Darbeciler, ülkedeki “demokrasi bakiyesi”ni de Köprü’den atmak, Meclis’te bombalamak, tankla ezmek istedi.Şimdi iktidara düşen; muhalefetle birlikte, o “bakiye”yi bu kez samimiyetle...
Darbeciler, ülkedeki “demokrasi bakiyesi”ni de Köprü’den atmak, Meclis’te bombalamak, tankla ezmek istedi.
Şimdi iktidara düşen; muhalefetle birlikte, o “bakiye”yi bu kez samimiyetle, “demokratikleştirmek”tir.
Çünkü darbenin, darbecinin demokrasiyi bombalamak, tankla ezmek, köprüden atmak istediği tartışmasız elbette…
Lakin iktidarın da o “bakiye”yi darbeden önce ne hale getirdiği tartışmalı!
***
O demokrasiyi düştüğü yerden kaldırmak…
“Kendi ülkesini bombalayabilenler”e karşı Türkiye’nin elindeki tek iyi ihtimal budur.
Sadece onlara karşı değil; birlikte, insan gibi, haysiyetle, hakkaniyetle, hakikatle yaşayabilmemiz için de tek imkân.
İktidar 15 Temmuz gecesinden 16 Temmuz sabahına kadar gördüğünü umarım görmeye devam eder.
Cumhurbaşkanı daha kısa süre öncesine kadar “darbeci” gördüğü bir kanalı, CNN Türk’ü kullanarak “darbeye karşı sokak” çağrısı yaptı. Oradaki, Habertürk’teki, başka yerlerdeki onca gazeteci darbeye karşı yayın yaptı.
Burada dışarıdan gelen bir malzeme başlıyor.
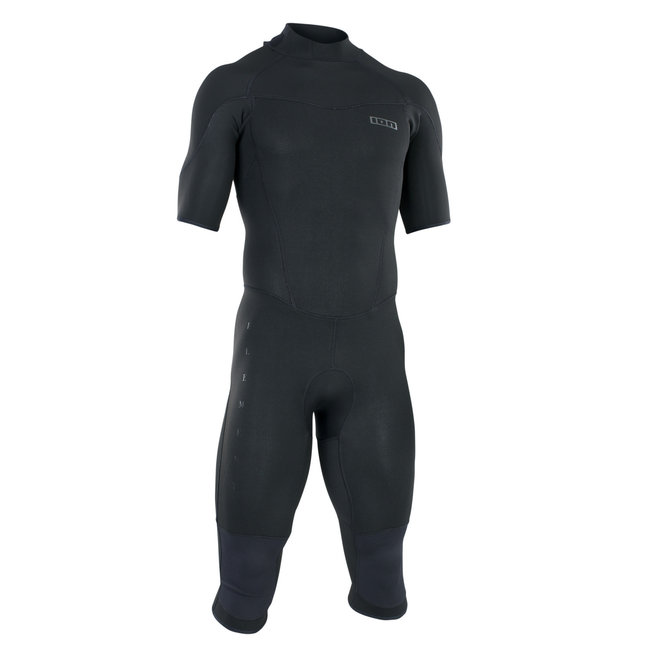 ION Shorty Element 3/2 SS Backzip Zwart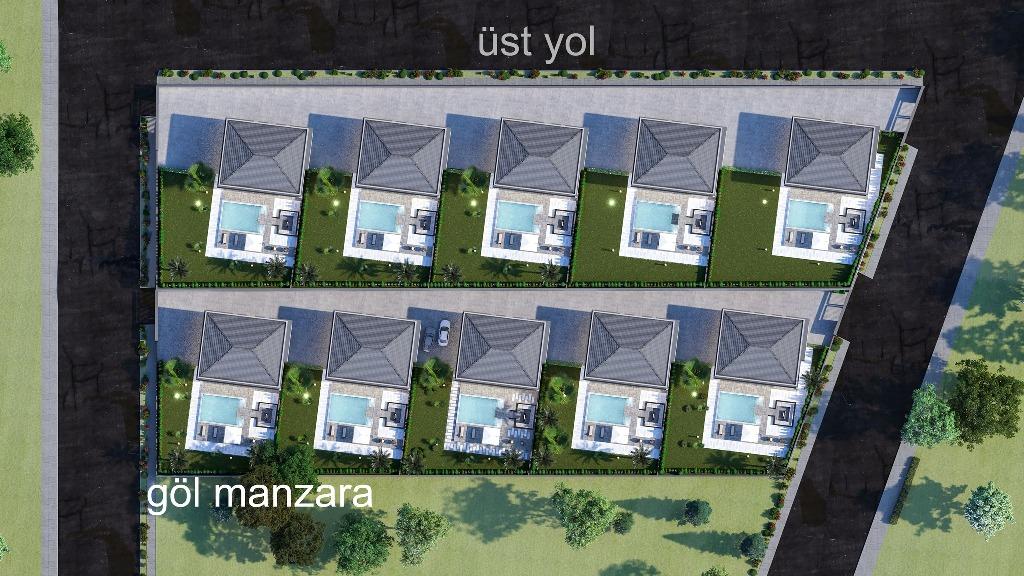 Villa under construction 4+1 in Fethiye - Umbrella Group - Photo 8
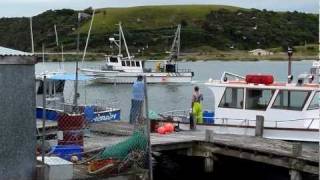 Fishing boats, Taieri Mouth, NZ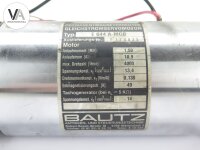 Bautz Servomotor Gleichstrommotor Elektromotor 1,5Nm 10.9A 4000rpm E644 A-MGB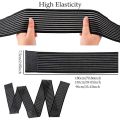 1PC Extra Long Elastic Knee Wrap Bandage Compression Brace Support for Leg Ligaments Stabilizing Squat Basketball Running.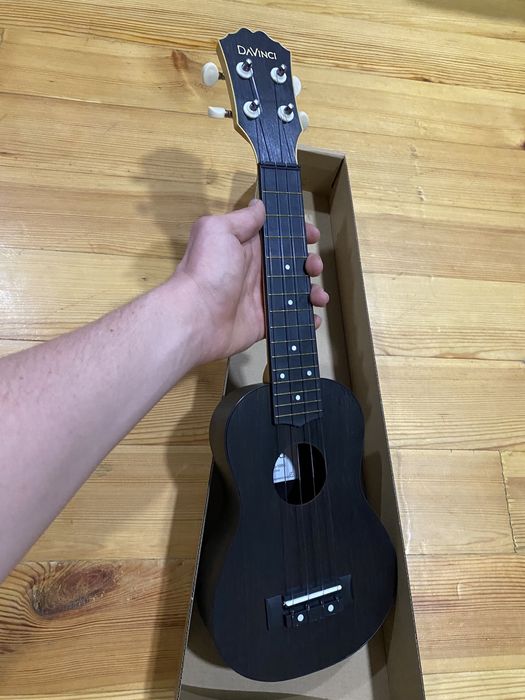 Укулеле сопрано (новая)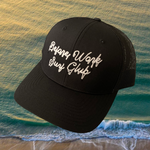 'Drippy' Black & Smoke Trucker Hat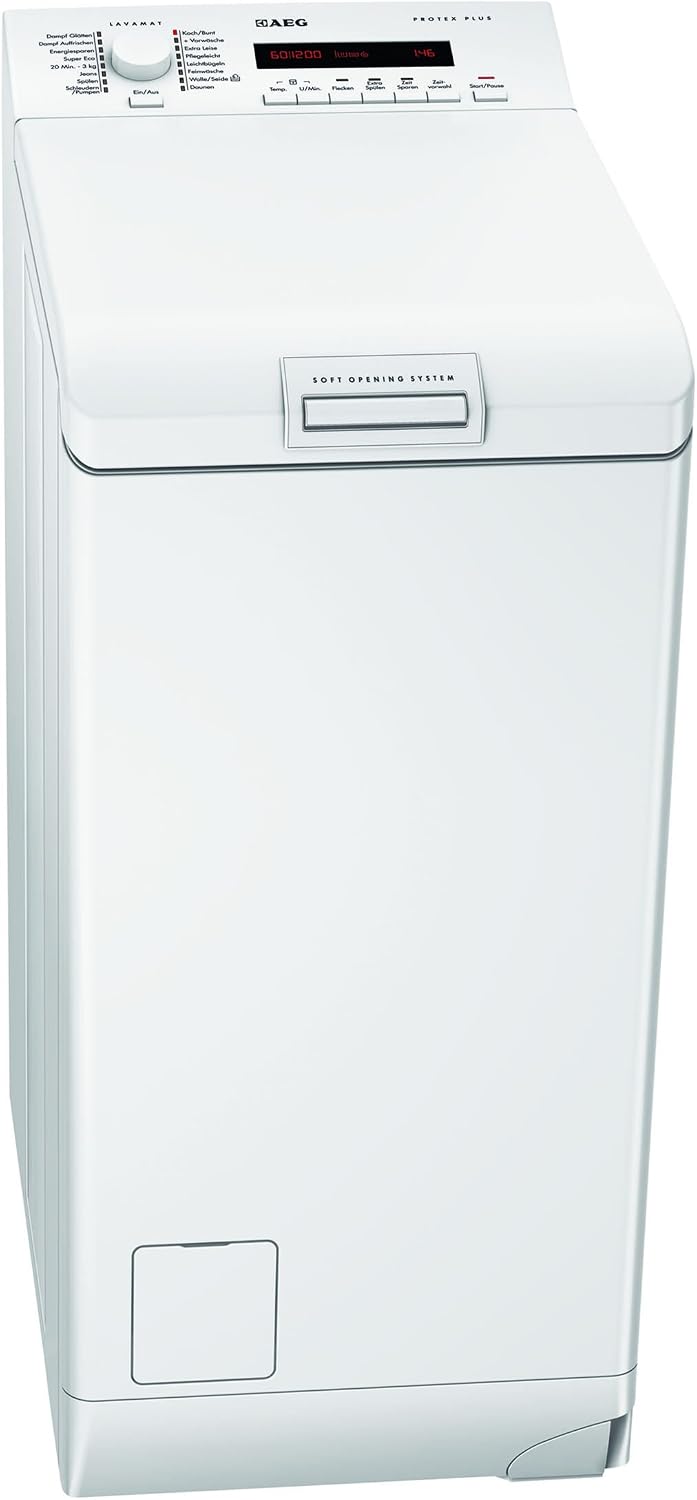 AEG, Lavatrice, L76265TL3, 1200 giri/min, 6 kg, Bianco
Havuz’da bulunmayan nice medya kuruluşu, muhalif olduğu için “düşman” görülen nice gazeteci veya başkaları darbeye karşı tavır aldı.
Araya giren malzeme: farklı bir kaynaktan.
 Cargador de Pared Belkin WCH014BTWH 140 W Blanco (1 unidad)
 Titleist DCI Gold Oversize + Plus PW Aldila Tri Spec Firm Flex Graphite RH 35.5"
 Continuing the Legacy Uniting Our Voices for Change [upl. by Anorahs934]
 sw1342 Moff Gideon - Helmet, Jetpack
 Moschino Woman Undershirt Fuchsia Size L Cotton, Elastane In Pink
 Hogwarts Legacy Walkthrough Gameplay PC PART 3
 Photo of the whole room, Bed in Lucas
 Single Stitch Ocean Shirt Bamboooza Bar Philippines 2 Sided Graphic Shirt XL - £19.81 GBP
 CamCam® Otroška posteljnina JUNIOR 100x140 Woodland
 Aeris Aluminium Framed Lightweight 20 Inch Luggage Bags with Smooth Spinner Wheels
“Dokunulmazlıklar”la da kuşatılmış CHP, MHP ve HDP; Meclis’te aynı kaderi paylaşarak darbeye karşı, sivil iktidardan yana tavır koydu.
Cumhurbaşkanı ve iktidar; hep “darbecilik”le suçladıkları sosyal medyayı da, klasik medyayı da, meydanları, sokağı ve direnişi de “darbecilere karşı” kullandı ve yanlarında buldu.
“Darbeciler” toplumda, iktidarın kafadan suçladığı bir çok kesim dahil, bir karşılık bulamadı; meydanda, sokakta zerre destek olmadı.
Görüldüğü gibi “darbeciler” şu veya bu sivillerden ziyade yine “asker içinden” çıktı.
“Darbecilik” hastalığı“kumpas” denip kapatılan TSK’da, darbeciliğin köklü olduğu anlaşıldı.
İktidarın “yeni militer-demokrasi” formülü, “savaş tercihi” ve “Askere yargı zırhı… Albaylara tazminat ve kadro kıyağı” gibi politikalarla şekillenmişken hem de!